From here it is still not entirely clear how we should discretise. The only unknown data lies in our function \(w\) so we should respect that when solving the discrete system. But what do we do about \(\nabla g\), in particular \(g\) could be sampled from some physical system so its gradient might not be something we can uniquely construct. We could try projecting it, but we can actually avoid the problem entirely.

The natural choice of finite elements for the Poisson equation are the Lagrange \(\mathbf{P}^k\) elements whose dual space consists in part of nodal evaluations. A subspace will be the piecewise linears \(\mathbf{P}^1\) so consider the following. Set \(V_h\subset H^1(\Omega),\ V_{h,g}\subset H^1_g(\Omega)\) as finite² dimensional \(\mathbf{P}^k\) subspaces. Decompose the discrete solution \(u_h\in V_{h,g}\) as \(u_h=w_h+u_{h,g}\) where \(w_h \in V_{h,0}\) and \(u_{h,g}\in V_{h,g}\). Then we can pick \(u_{h,g}\) to be the function which is \(0\) on the interior of \(\Omega\), meaning that we can solve the discrete version of \eqref{eq1} for \(w_h\) as if our Dirichlet boundary condition was \(g=0\). The nodal values along the boundary \(x_i\) will be \(g(x_i)\) regarded as known quantities.

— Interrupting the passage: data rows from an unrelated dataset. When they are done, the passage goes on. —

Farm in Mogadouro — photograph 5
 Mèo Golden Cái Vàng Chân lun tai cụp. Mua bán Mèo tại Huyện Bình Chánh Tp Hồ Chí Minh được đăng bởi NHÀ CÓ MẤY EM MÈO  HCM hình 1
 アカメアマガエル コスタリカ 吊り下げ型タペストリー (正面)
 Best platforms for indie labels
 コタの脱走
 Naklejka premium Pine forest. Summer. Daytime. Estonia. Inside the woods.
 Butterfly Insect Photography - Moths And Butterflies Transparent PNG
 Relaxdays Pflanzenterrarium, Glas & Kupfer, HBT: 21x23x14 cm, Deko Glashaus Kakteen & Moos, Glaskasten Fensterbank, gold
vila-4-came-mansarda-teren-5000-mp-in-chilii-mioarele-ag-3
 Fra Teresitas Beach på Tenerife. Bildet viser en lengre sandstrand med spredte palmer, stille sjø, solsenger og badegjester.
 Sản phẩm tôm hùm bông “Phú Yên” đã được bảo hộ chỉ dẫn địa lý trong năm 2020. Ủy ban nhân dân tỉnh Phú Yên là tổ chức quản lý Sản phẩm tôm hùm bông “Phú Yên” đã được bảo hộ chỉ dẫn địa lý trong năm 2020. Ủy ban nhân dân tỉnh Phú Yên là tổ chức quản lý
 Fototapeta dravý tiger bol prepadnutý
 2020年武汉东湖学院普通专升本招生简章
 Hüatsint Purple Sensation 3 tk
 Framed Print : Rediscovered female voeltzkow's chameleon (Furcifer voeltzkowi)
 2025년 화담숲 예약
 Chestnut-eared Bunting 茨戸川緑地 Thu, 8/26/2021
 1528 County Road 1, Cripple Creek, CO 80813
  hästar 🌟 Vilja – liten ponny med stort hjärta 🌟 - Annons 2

We will now investigate different philosophies regarding the implementation of this in code. Let \(n=\text{dim}(V_{h,g})\). In all sections below we will consider the linear \(n\times n\) symmetric system arising from discretising \eqref{eq1}, \(Ax=b\) with our unknowns in \(x\).

Note 20/11/23: For reasons I will omit the non-recommended approaches for now.

Nice way: restriction and extension

Back to the drawing board then. As is the case in many situations of a mathematical nature, it helps to consider what is actually happening on a higher level of mathematical abstraction. When the solution is known on the boundary, what we are solving for is the restriction of the solution on the interior. When we then have the interior solution we want to extend back to the entire domain. Restriction and extension are in this context linear operators which can be represented by matrices (our spaces are finite-dimensional).

Let \(n_I\) be the number of dof’s without the boundary nodes. Let \(R:\mathbb{R}^{n}\to \mathbb{R}^{n_I}\) be the restriction to the interior and let \(R_{\partial}:\mathbb{R}^{n}\to \mathbb{R}^{n-n_I}\) be the restriction to the boundary. Then if \(x_{\partial}\in\mathbb{R}^{n-n_I}\) is the dof vector of boundary evaluations,

\begin{equation} RAR^Tx_I = R(b - A R_{\partial}^Tx_{\partial}) \label{eq:2}\end{equation}

is solvable for the interior dof’s \(x_I\), after which we get the entire solution from \(R^T x_I + R_{\partial}^T x_{\partial}\).

This procedure changes nothing about the system, it retains its scaling and is still symmetric. Basically \eqref{eq:2} is exactly the system we want to solve. Pretty nice I would say.

¹ Note that the space \(H^1_g(\Omega)\) is not a vector space!

² If \(g\) is outside the space, this space is defined with respect to subspace projection using the Hilbert inner product in \(H^1\).

³ We have ordered the dof’s so that the node evaluations occur first.